▶ GOAL OF THE EXERCISE
Provide the records once more, identical to the original.

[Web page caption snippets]
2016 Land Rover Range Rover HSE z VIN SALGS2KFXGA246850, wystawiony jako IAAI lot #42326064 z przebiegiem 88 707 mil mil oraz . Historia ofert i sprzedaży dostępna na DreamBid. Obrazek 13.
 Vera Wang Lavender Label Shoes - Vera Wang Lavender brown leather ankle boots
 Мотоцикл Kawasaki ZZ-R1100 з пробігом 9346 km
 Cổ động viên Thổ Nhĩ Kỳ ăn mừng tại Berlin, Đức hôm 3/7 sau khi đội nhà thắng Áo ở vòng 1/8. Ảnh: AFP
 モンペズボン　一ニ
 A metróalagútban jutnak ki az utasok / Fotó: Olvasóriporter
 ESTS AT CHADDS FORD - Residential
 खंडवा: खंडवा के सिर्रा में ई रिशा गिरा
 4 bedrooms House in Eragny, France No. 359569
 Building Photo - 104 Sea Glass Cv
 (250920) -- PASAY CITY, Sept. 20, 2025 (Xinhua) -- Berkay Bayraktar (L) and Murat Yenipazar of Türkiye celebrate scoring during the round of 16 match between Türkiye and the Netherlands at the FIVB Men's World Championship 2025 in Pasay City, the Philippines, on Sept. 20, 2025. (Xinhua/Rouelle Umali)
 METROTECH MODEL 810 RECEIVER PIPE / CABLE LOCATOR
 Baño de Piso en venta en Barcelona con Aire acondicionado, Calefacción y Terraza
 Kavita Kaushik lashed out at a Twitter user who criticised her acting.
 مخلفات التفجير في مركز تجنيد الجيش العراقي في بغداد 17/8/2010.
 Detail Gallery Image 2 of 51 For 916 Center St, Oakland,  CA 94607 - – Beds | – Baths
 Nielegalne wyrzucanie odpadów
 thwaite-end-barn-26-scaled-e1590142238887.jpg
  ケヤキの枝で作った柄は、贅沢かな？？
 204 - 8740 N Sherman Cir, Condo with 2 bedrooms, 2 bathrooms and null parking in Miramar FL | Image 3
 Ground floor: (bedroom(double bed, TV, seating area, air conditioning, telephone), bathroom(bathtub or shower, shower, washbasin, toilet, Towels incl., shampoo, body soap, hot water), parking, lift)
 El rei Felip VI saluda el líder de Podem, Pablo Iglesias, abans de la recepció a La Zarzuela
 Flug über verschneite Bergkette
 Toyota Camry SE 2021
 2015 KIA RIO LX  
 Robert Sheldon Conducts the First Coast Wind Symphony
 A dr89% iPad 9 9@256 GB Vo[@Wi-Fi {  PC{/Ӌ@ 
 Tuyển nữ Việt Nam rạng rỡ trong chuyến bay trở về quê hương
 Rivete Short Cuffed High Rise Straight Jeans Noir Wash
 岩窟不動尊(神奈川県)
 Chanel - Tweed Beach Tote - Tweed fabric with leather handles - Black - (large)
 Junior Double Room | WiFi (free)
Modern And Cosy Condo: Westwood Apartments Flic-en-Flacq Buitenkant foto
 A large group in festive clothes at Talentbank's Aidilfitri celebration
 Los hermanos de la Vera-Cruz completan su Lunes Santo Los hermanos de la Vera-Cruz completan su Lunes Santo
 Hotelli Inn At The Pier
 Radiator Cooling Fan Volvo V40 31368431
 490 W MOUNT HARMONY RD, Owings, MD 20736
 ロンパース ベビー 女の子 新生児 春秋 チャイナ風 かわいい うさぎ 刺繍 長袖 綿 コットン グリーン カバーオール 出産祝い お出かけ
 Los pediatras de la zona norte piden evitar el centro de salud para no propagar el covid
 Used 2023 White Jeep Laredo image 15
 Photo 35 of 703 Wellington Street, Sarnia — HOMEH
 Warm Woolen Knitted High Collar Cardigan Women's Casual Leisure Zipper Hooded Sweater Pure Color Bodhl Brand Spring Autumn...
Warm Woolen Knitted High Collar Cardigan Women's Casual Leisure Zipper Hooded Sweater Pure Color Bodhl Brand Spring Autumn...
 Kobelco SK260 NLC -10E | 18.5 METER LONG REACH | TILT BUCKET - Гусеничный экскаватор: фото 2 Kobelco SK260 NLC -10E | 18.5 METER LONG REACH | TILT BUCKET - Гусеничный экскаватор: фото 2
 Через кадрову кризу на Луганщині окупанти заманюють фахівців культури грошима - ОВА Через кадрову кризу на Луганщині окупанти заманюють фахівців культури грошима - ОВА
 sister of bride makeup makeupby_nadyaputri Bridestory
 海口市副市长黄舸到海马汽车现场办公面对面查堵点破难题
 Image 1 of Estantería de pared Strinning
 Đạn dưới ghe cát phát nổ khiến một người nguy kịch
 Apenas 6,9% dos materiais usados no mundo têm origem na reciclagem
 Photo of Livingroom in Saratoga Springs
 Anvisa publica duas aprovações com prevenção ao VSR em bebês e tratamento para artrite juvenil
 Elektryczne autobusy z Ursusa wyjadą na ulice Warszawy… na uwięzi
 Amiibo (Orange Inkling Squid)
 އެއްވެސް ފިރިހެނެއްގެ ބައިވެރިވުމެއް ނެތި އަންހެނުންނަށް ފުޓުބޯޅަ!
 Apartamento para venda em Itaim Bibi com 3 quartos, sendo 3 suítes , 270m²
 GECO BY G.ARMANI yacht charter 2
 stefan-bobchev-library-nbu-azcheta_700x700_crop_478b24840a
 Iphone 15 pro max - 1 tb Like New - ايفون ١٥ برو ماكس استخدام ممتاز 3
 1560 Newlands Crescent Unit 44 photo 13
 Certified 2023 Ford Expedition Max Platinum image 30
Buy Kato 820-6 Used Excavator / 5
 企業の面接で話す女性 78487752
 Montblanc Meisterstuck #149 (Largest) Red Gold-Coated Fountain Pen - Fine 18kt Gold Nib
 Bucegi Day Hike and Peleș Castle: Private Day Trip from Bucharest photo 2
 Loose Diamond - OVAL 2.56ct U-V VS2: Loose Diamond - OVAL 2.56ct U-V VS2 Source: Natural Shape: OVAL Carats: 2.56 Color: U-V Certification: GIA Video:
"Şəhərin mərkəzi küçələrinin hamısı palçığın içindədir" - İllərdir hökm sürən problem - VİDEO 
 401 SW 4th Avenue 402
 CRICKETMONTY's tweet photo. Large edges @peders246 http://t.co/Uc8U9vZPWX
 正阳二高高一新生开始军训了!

▶ RESPONSE FOR THIS EXERCISE
2016 Land Rover Range Rover HSE z VIN SALGS2KFXGA246850, wystawiony jako IAAI lot #42326064 z przebiegiem 88 707 mil mil oraz . Historia ofert i sprzedaży dostępna na DreamBid. Obrazek 13.
 Vera Wang Lavender Label Shoes - Vera Wang Lavender brown leather ankle boots
 Мотоцикл Kawasaki ZZ-R1100 з пробігом 9346 km
 Cổ động viên Thổ Nhĩ Kỳ ăn mừng tại Berlin, Đức hôm 3/7 sau khi đội nhà thắng Áo ở vòng 1/8. Ảnh: AFP
 モンペズボン　一ニ
 A metróalagútban jutnak ki az utasok / Fotó: Olvasóriporter
 ESTS AT CHADDS FORD - Residential
 खंडवा: खंडवा के सिर्रा में ई रिशा गिरा
 4 bedrooms House in Eragny, France No. 359569
 Building Photo - 104 Sea Glass Cv
 (250920) -- PASAY CITY, Sept. 20, 2025 (Xinhua) -- Berkay Bayraktar (L) and Murat Yenipazar of Türkiye celebrate scoring during the round of 16 match between Türkiye and the Netherlands at the FIVB Men's World Championship 2025 in Pasay City, the Philippines, on Sept. 20, 2025. (Xinhua/Rouelle Umali)
 METROTECH MODEL 810 RECEIVER PIPE / CABLE LOCATOR
 Baño de Piso en venta en Barcelona con Aire acondicionado, Calefacción y Terraza
 Kavita Kaushik lashed out at a Twitter user who criticised her acting.
 مخلفات التفجير في مركز تجنيد الجيش العراقي في بغداد 17/8/2010.
 Detail Gallery Image 2 of 51 For 916 Center St, Oakland,  CA 94607 - – Beds | – Baths
 Nielegalne wyrzucanie odpadów
 thwaite-end-barn-26-scaled-e1590142238887.jpg
  ケヤキの枝で作った柄は、贅沢かな？？
 204 - 8740 N Sherman Cir, Condo with 2 bedrooms, 2 bathrooms and null parking in Miramar FL | Image 3
 Ground floor: (bedroom(double bed, TV, seating area, air conditioning, telephone), bathroom(bathtub or shower, shower, washbasin, toilet, Towels incl., shampoo, body soap, hot water), parking, lift)
 El rei Felip VI saluda el líder de Podem, Pablo Iglesias, abans de la recepció a La Zarzuela
 Flug über verschneite Bergkette
 Toyota Camry SE 2021
 2015 KIA RIO LX  
 Robert Sheldon Conducts the First Coast Wind Symphony
 A dr89% iPad 9 9@256 GB Vo[@Wi-Fi {  PC{/Ӌ@ 
 Tuyển nữ Việt Nam rạng rỡ trong chuyến bay trở về quê hương
 Rivete Short Cuffed High Rise Straight Jeans Noir Wash
 岩窟不動尊(神奈川県)
 Chanel - Tweed Beach Tote - Tweed fabric with leather handles - Black - (large)
 Junior Double Room | WiFi (free)
Modern And Cosy Condo: Westwood Apartments Flic-en-Flacq Buitenkant foto
 A large group in festive clothes at Talentbank's Aidilfitri celebration
 Los hermanos de la Vera-Cruz completan su Lunes Santo Los hermanos de la Vera-Cruz completan su Lunes Santo
 Hotelli Inn At The Pier
 Radiator Cooling Fan Volvo V40 31368431
 490 W MOUNT HARMONY RD, Owings, MD 20736
 ロンパース ベビー 女の子 新生児 春秋 チャイナ風 かわいい うさぎ 刺繍 長袖 綿 コットン グリーン カバーオール 出産祝い お出かけ
 Los pediatras de la zona norte piden evitar el centro de salud para no propagar el covid
 Used 2023 White Jeep Laredo image 15
 Photo 35 of 703 Wellington Street, Sarnia — HOMEH
 Warm Woolen Knitted High Collar Cardigan Women's Casual Leisure Zipper Hooded Sweater Pure Color Bodhl Brand Spring Autumn...
Warm Woolen Knitted High Collar Cardigan Women's Casual Leisure Zipper Hooded Sweater Pure Color Bodhl Brand Spring Autumn...
 Kobelco SK260 NLC -10E | 18.5 METER LONG REACH | TILT BUCKET - Гусеничный экскаватор: фото 2 Kobelco SK260 NLC -10E | 18.5 METER LONG REACH | TILT BUCKET - Гусеничный экскаватор: фото 2
 Через кадрову кризу на Луганщині окупанти заманюють фахівців культури грошима - ОВА Через кадрову кризу на Луганщині окупанти заманюють фахівців культури грошима - ОВА
 sister of bride makeup makeupby_nadyaputri Bridestory
 海口市副市长黄舸到海马汽车现场办公面对面查堵点破难题
 Image 1 of Estantería de pared Strinning
 Đạn dưới ghe cát phát nổ khiến một người nguy kịch
 Apenas 6,9% dos materiais usados no mundo têm origem na reciclagem
 Photo of Livingroom in Saratoga Springs
 Anvisa publica duas aprovações com prevenção ao VSR em bebês e tratamento para artrite juvenil
 Elektryczne autobusy z Ursusa wyjadą na ulice Warszawy… na uwięzi
 Amiibo (Orange Inkling Squid)
 އެއްވެސް ފިރިހެނެއްގެ ބައިވެރިވުމެއް ނެތި އަންހެނުންނަށް ފުޓުބޯޅަ!
 Apartamento para venda em Itaim Bibi com 3 quartos, sendo 3 suítes , 270m²
 GECO BY G.ARMANI yacht charter 2
 stefan-bobchev-library-nbu-azcheta_700x700_crop_478b24840a
 Iphone 15 pro max - 1 tb Like New - ايفون ١٥ برو ماكس استخدام ممتاز 3
 1560 Newlands Crescent Unit 44 photo 13
 Certified 2023 Ford Expedition Max Platinum image 30
Buy Kato 820-6 Used Excavator / 5
 企業の面接で話す女性 78487752
 Montblanc Meisterstuck #149 (Largest) Red Gold-Coated Fountain Pen - Fine 18kt Gold Nib
 Bucegi Day Hike and Peleș Castle: Private Day Trip from Bucharest photo 2
 Loose Diamond - OVAL 2.56ct U-V VS2: Loose Diamond - OVAL 2.56ct U-V VS2 Source: Natural Shape: OVAL Carats: 2.56 Color: U-V Certification: GIA Video:
"Şəhərin mərkəzi küçələrinin hamısı palçığın içindədir" - İllərdir hökm sürən problem - VİDEO 
 401 SW 4th Avenue 402
 CRICKETMONTY's tweet photo. Large edges @peders246 http://t.co/Uc8U9vZPWX
 正阳二高高一新生开始军训了!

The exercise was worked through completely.